Las masas que el eufemismo llama de desprivilegiados escuchan con fuerza una llamada; la de la abundancia, del lujo suntuario del mundo occidental. La televisión, ubicua e hipnótico señuelo de otra vida posible, es el banderín de enganche. Nos ven en la pantalla. Y por eso se levantan y emprenden una marcha de Sur a Norte, de Oeste a Este. Y en ambos casos, cuando proceden de África, o de las que fueran colonias del imperio, su puerto de arribada es con frecuencia España; van en ocasiones camino de otra Europa, o para rehacer el viaje de vuelta de Colón, quizá pensando que tanta proclama de hiperbólica parentela tiene algo de verdad.
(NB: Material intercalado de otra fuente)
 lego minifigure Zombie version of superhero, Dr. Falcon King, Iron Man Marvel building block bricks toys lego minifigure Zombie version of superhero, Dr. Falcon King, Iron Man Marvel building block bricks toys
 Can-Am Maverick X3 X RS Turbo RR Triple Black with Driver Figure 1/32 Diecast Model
¿Cómo se puede regular el flujo de brazos y cabezas que necesita España, para llenar los huecos de un país que se jubila mucho más rápido que crece, y beneficie ello tanto a exportadores como importadores de seres humanos?

Tras la idea del jefe de Gobierno, Rodríguez Zapatero, de convocar una conferencia iberoamericana sobre la inmigración, expresada en la reciente cumbre de Salamanca, se perfilan realidades que pueden prestarse, sin embargo, a los usos más diversos. De un lado, la ayuda al desarrollo que se predica como remedio a largo plazo para que el ciudadano del Tercer Mundo no tenga que emigrar, corre el peligro de convertirse en un peaje para que los países productores de mano de obra ayuden a controlar ese flujo; es decir, para que lo repriman, haciéndole el trabajo sucio a Europa. Y de otro, cabe pensar en el establecimiento de una generosa política de cuotas, aplicable y aceptable sobre todo para América Latina.
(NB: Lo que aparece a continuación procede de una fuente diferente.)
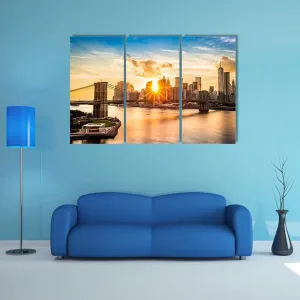 Brooklyn Bridge Skyline Canvas Wall Art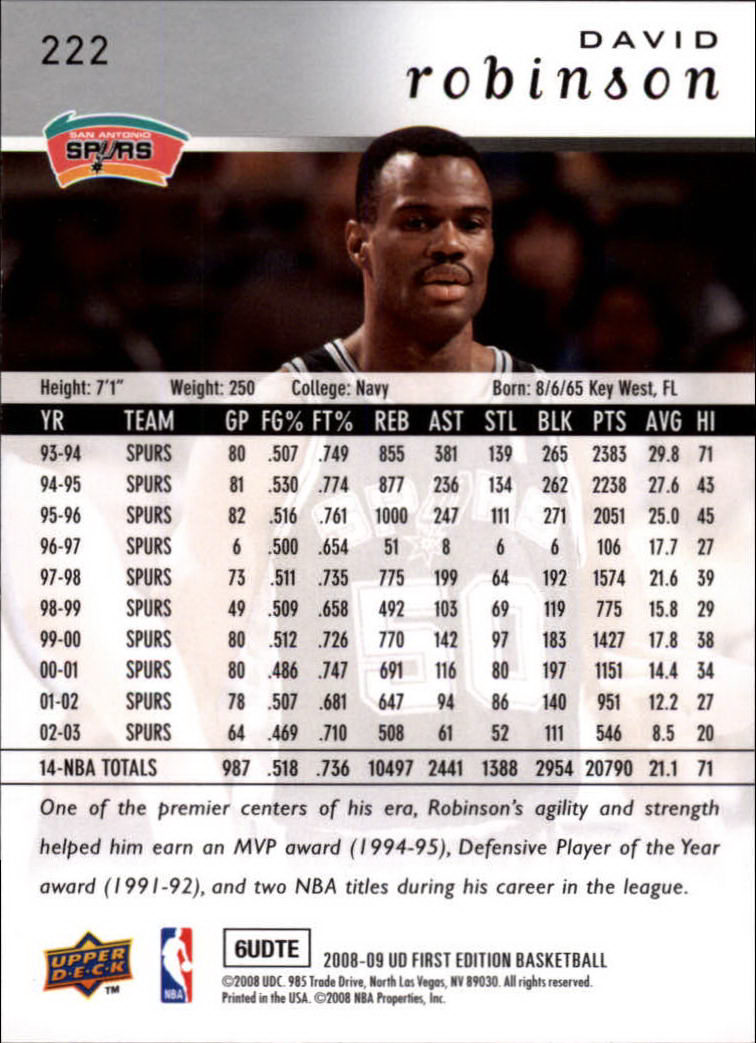 2008-09 Upper Deck First Edition Basketball Card Pick - Picture 317 of 361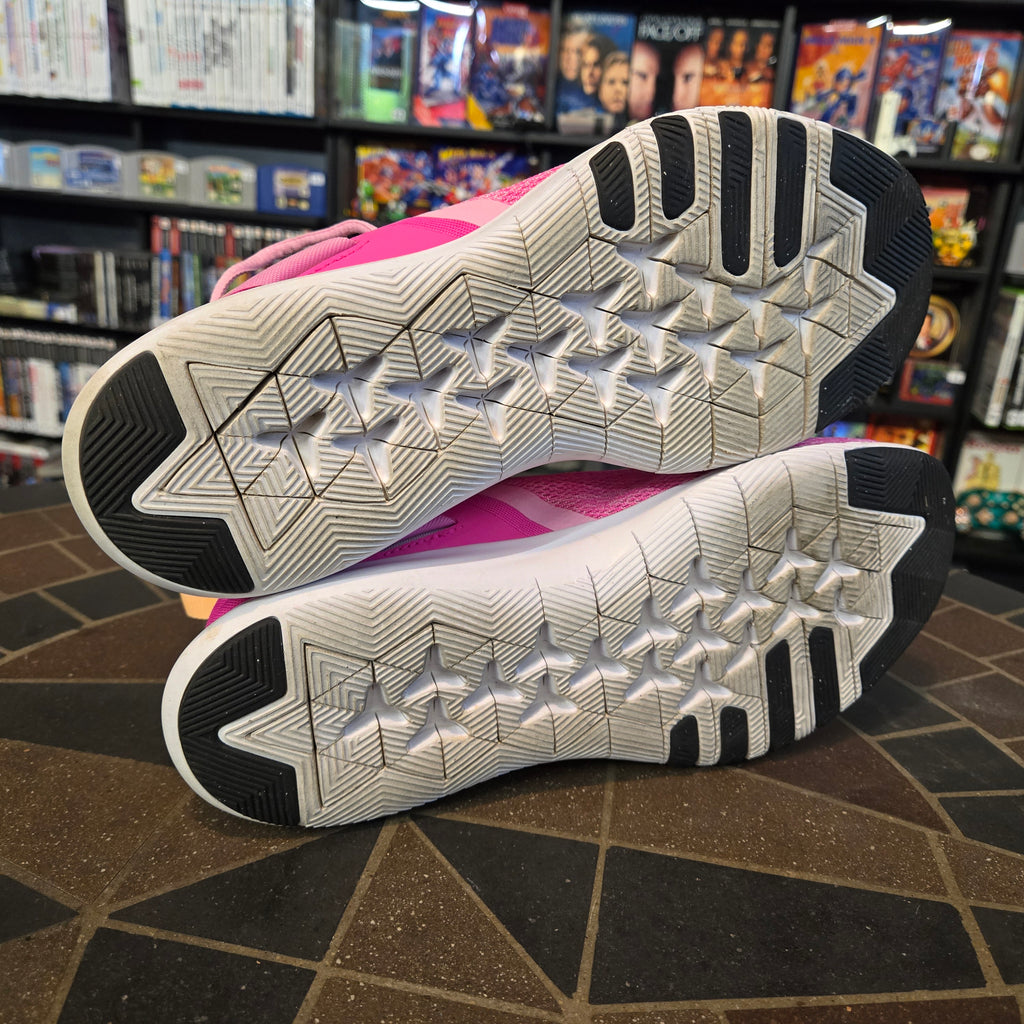 Women’s Size 10.5 Nike Flex Trainer Womens Training Shoes Pink AQ7491-600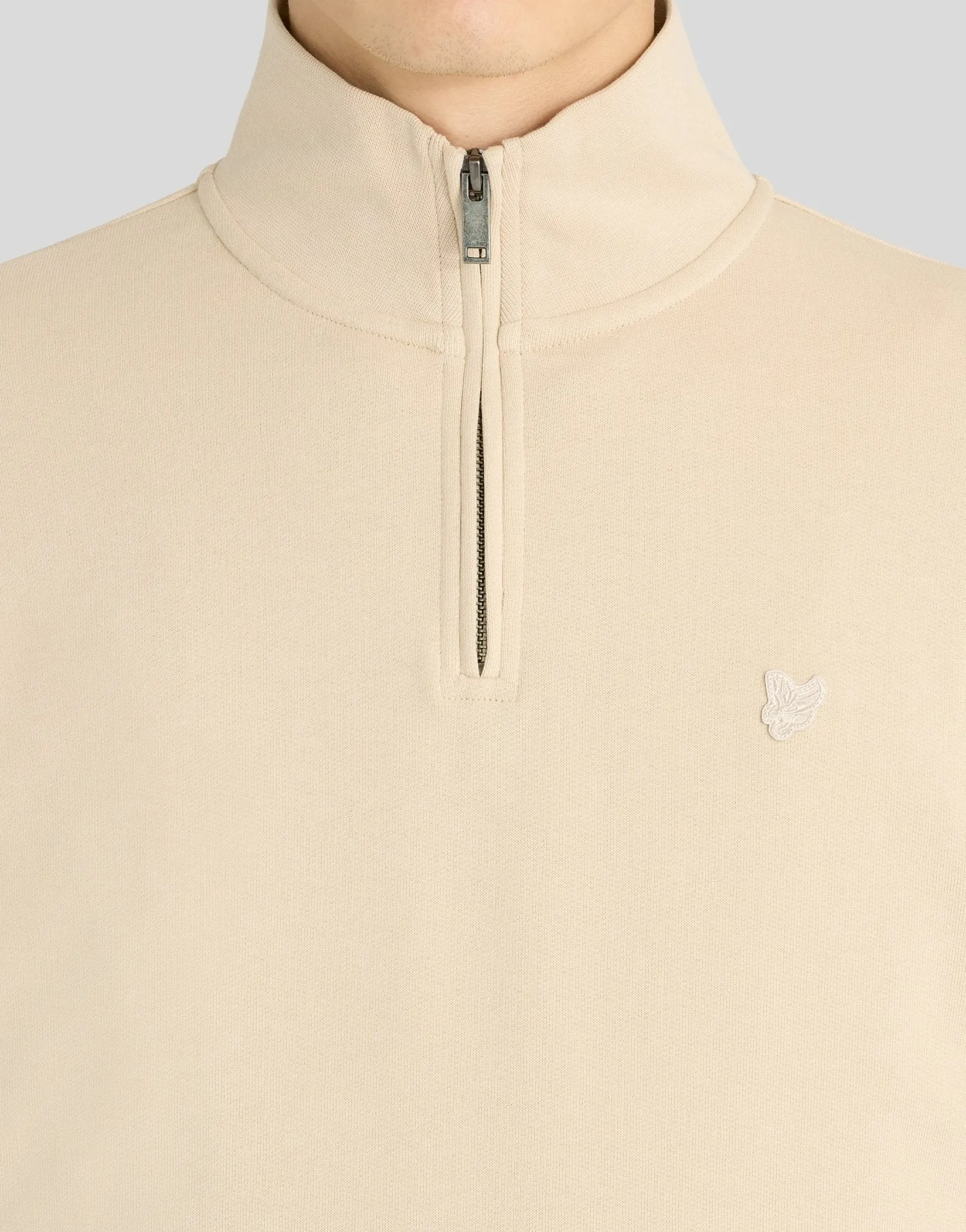 Superfine Cotton 1/4 Zip Sweatshirt sold by Lyle & Scott product image thumbnail 3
En la relación de España con las antiguas Indias hay muy pocos terrenos en los que el Gobierno de Madrid pueda o deba tomar la iniciativa. No quiere nadie que España abandere políticas como la ofensiva contra el castrismo del anterior presidente del Gobierno; pero sí puede ser inversora, bolsa de experiencia, asesoría o hasta tierra de asilo y reposo para ex presidentes, pero aquella metáfora de Obras Públicas de España como puente entre América y Europa, es un espejismo que ofende a ciudadanías mayores de edad que encontrarán puentes donde les dé la gana, de París a Roma, Londres a Estocolmo, y que se surtirán en cada caso donde mejor convenga.

En el asunto de la inmigración sí que cabe, en cambio, la adopción de una política activa. Nuestro país necesitará durante bastantes años mano de obra -ni barata, ni cara, sino adecuada- y en ningún lugar del mundo la encontrará tan apropiadamente fabricada como en América Latina. Al igual que EE UU, en su era poblacionista, favorecía la emigración europea, o Gran Bretaña que tenía una política de circulación imperial para la Commonwealth, a España le conviene recuperar una fuerza de trabajo que tanto contribuyó a crear.

Una inmigración con garantías sería como una pensión contributiva al desarrollo de América Latina, gracias a las remesas de los trabajadores a los países de origen, así como, por efecto de la masa de los mismos que se quedara en España, daría lugar a una gradual transformación étnica del país, dentro de una idea extensiva de nacionalidad; la lengua es la sangre del espíritu, como dijo Unamuno, y de algo debería servirle eso a sus antiguas colonias.

Esos inmigrantes, que no por casualidad son en su inmensa mayoría de otro tono de piel que el ibérico-mediterráneo, abastecerían de una estupenda política exterior a este antiguo país, de suyo tan surtido ya de nacionalidades. Una España, así teñida de americanidad, hablaría de la manera más convincente a la América andina, de donde procede el grueso de esa inmigración, cuyas naciones se reinventan duramente a su vez en este comienzo del siglo XXI. Y una eficaz política de cuotas sería la contribución que aquellas Indias querrían hoy de España, convertida, así, en inversora, asesora, benefactora y beneficiada como consecuencia de lo que se ha dado en llamar Descubrimiento, Conquista, Encuentro, Exterminio o Expolio. Una operación de la que al cabo de cinco siglos retirarían dividendos las dos partes, y en la que España sí que llegaría a ser de verdad una gran Nación de Naciones.